Your goal:
Among the entries below, only the lines starting at the one with "Isolation Hospital antiguo" and ending at the one with "Tiroteo en desfile", both included, are to be printed exactly.

Supplied material:
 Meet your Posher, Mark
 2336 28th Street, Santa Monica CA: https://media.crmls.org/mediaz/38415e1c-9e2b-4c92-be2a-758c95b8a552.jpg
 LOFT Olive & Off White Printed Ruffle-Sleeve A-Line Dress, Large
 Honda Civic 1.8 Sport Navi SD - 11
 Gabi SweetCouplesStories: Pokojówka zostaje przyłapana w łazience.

...

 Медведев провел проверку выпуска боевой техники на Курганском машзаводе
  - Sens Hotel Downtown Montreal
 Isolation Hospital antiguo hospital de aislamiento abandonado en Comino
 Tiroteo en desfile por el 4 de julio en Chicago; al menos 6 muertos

Answer below:
 Isolation Hospital antiguo hospital de aislamiento abandonado en Comino
 Tiroteo en desfile por el 4 de julio en Chicago; al menos 6 muertos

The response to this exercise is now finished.